‘Whatever elements that may come to hand or that are selected from the profusion of materials within reach, are combined with words to create a simple poetic image. This should amuse, disturb, mystify or provoke reflection. These images above all should entertain – the only sure road to appreciation.’
Man Ray, ‘Objects of My Affection’ in Oggetti d’affezione (Turin, 1970) p. 5.
From either direction you arrive from a turn-off from tarmac road to a lane that slopes down towards a scattered settlement of buildings sat on roughly-cast concrete. Oversailed by a profile fibre cement roof and held behind the remaining walls of an old barn was the archive. Walking across concrete cattle slats laid between a gap in the wall, I stopped, opened the door, and stepped up into the room. [1]

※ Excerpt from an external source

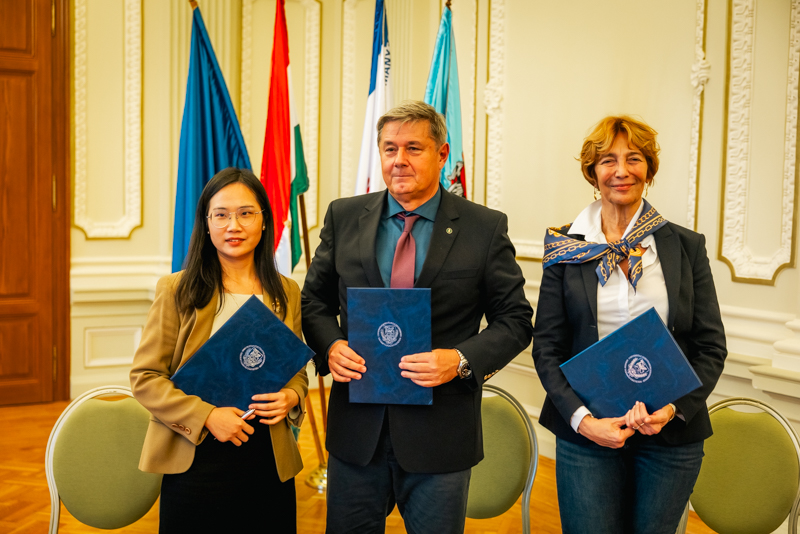 1.20251203 赛大与比亚迪签约 赛格德大学校长拉兹洛·罗沃、校监朱迪特·范德莱，比亚迪人力资源经理邹银丽.jpg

Inside a room formed from monolithic slabs of spruce were two large plan chests and an old exhibition table on a floor of cedar timber boards. At the far end of the room was a stove, which I didn’t use. The room was lit by three skylights and three lamps hung from the ceiling. One side was lined with cabinets and the other with upholstered boards. At various stages of my stay these upholstered boards displayed, starting from the far end of the room, portfolio drawings taken by Mies to an interview for a professorship; drawings for the façade of the Basilica of San Giovanni in Laterano by Luigi Vanvitelli; three sheets of model dwellings in Bruton with a particularly clear depiction of their sanitary provisions; a small and precise ground plan by Otto Wagner, on a square of paper, possibly for publication; a frontispiece from an early edition of the ‘quattro libri’, engraved by a Dutchman; a perspective of an unknown subject, by an unknown draftsman, for a project in Paris.

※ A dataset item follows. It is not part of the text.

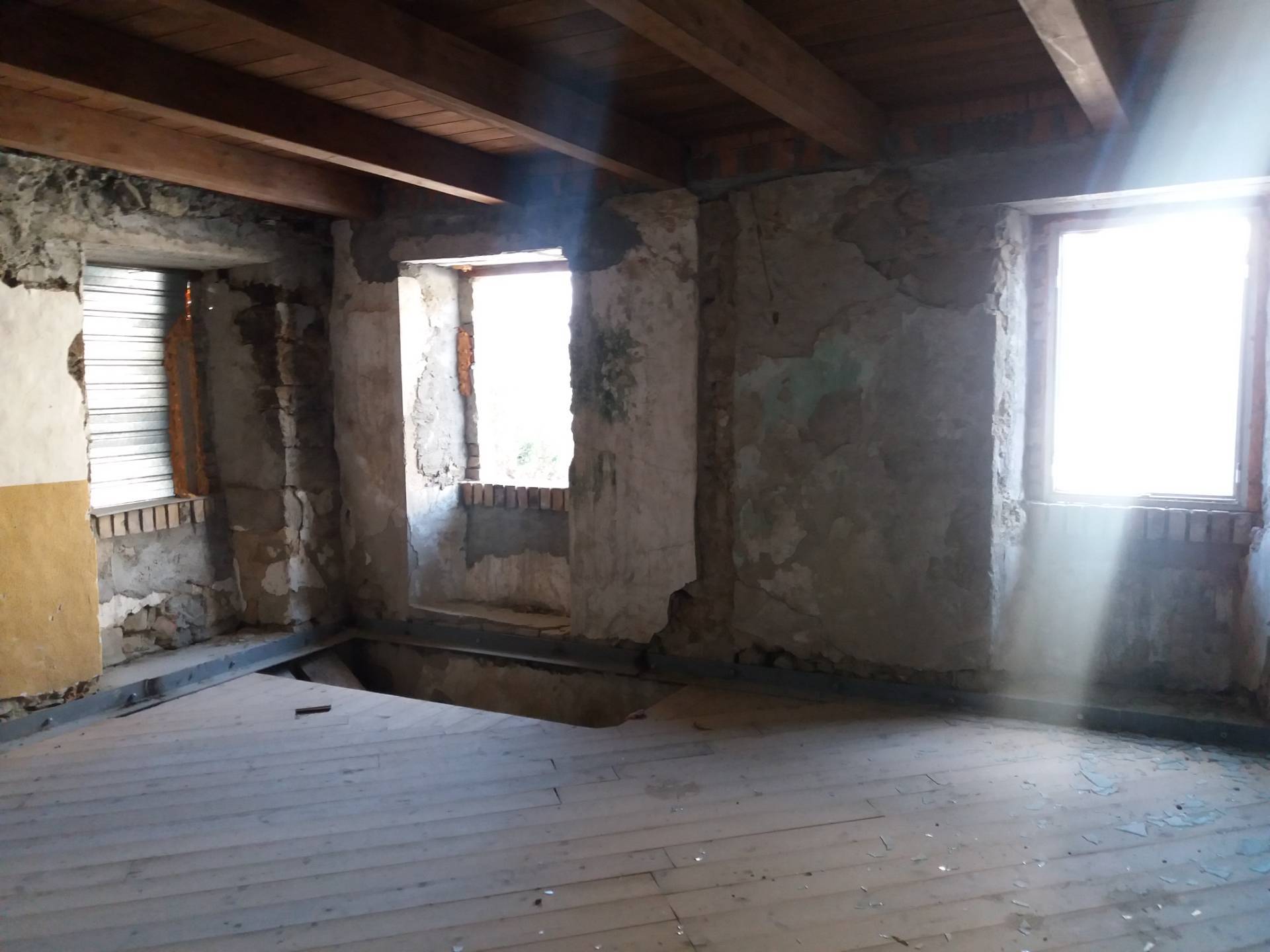 Semindipendente in vendita a Venarotta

Nothing seems simpler than making a list to describe my experience, but in fact it’s much more complicated than it seems. Did I leave something out? Did I get the details correct? (Was the engraving made by a Dutchman?) Despite its incompleteness a list is necessary. It seems to me that its verticality, running counter to the horizontality of writing, offers a glimpse into my experience. By making a list of these drawings I am imposing a structure that attempts to replicate their display in the room. In reality I saw these drawings alongside, before, and after other drawings. A list can attempt to capture a moment – the drawings on the display boards – but it fails to describe my overall experience. A list fails because what I experienced was both successive and simultaneous. Language can represent the former but struggles to depict the latter.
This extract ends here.